Support & Growth

Resources for dads

Parenting information for Dads, Correspondence courses, ‘Blokes Books’, Family Court advice, Protection Order advice & Parenting through Separation advice.

Mondays | 7-9 PM | 4-week online course

Separation isn’t just the end of a relationship – it’s the start of big changes. New living arrangements, shifting responsibilities, and emotional challenges can feel overwhelming. And if you’re a parent, you may be wondering how to protect your children and support them through this transition. That’s why we’re introducing Stepping Stones – a guided course designed to help navigate this journey with clarity and support.

Join us over four weeks for expert advice, practical strategies, and a safe space to move forward.

Our team understand the challenges that parents face. Kids Need Dads courses will support parents from all backgrounds become engaged, confident, connected parents.
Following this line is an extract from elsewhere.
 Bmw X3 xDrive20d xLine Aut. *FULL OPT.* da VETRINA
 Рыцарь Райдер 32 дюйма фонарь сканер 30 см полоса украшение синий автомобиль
The courses are delivered by post or email, module by module so clients can manage at their own pace. We will provide feedback and encouragement as you progress through the programme. On completion we will provide you with a Certificate confirming your accomplishment.

Discovering Fatherhood
A comprehensive 10-module course including: baby brain, early development, safety with toddlers, emotional development and navigating teenagers, plus understanding our own parenting style. This provides great information, tips and strategies for parents. Contact us to register for this course.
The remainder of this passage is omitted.